I barely hear her words as a new face breaks out of the foliage. Everything I’ve grown to love is still there: the clean slant of his jaw, his almond eyes, the light laugh lines that will only deepen with age, his smile, clear and bright. But there’s something more now, something just beneath the skin that causes him to glow.

I sit still, stunned. The man I saw two nights ago, blue and caked with blood, could never become the one that stands here now.

“We thought the art of magic was lost to the mortals, that the crown was simply a carrier of the power and not a wielder. We were wrong.” Titania shakes her head. “Something woke it up in him.”

Richard finishes the distance between us in three strides. When he reaches me he falls to his knees, brings his eyes down to mine. Two strong, steady arms pull me into him. Our chests press together, breathing in unison, and all doubt vanishes. This is my Richard.

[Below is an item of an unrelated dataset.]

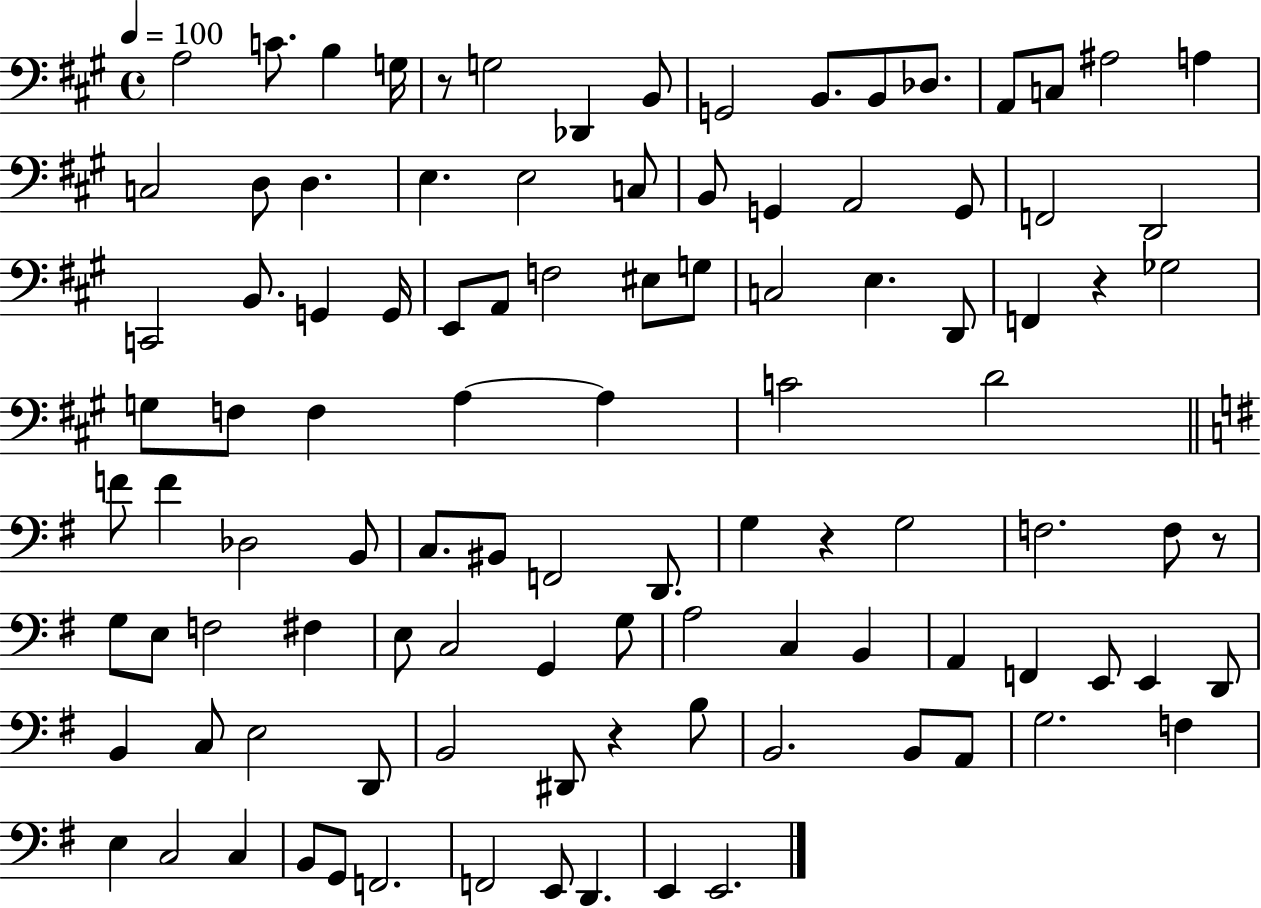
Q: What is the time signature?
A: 4/4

“You’re alive.” My words are made of laughter and a great, joyous gasp—they don’t feel like mine. “Greater Spirit. You’re alive!”

He hugs me tighter, gentle fingers tugging through my hair. His breath curls over my neck, taking in my scent. My skin rejoices under it.

“How?” I pull back and the sight of him is new all over again. New and glorious. “I saw you dying.”

“I don’t know.” He shakes his head. “I felt myself die. Or, I think I died. I don’t know. But then I woke up and I was wandering through the forest. They found me.”

I leave Richard’s eyes and reenter the glade. Herne stands with his arms crossed. Titania and her company stare at us—utterly beautiful sculptures—both surprised and unreadable.

“Something woke up the blood magic,” the duchess offers. “It healed him. There are traces of it all over him. And even some on you,” she adds, her eyebrow quirked.

The blood magic. Just what the ravens predicted. But what woke it? The kiss? We’d kissed before. What made that night so different?

“Tell me, has there ever been something between you two? A connection?” Titania looks between us, as if trying to read our short history together.

“The first time we met . . .” I pause. “There was something like electricity. I don’t know. It wasn’t magic necessarily.”

“It’s called a soul-tie. It’s rare, uncommon, but it does happen. Your souls tied together. It also meant your magics connected. When Richard gave himself up for you, your magic responded. It sparked his to life.”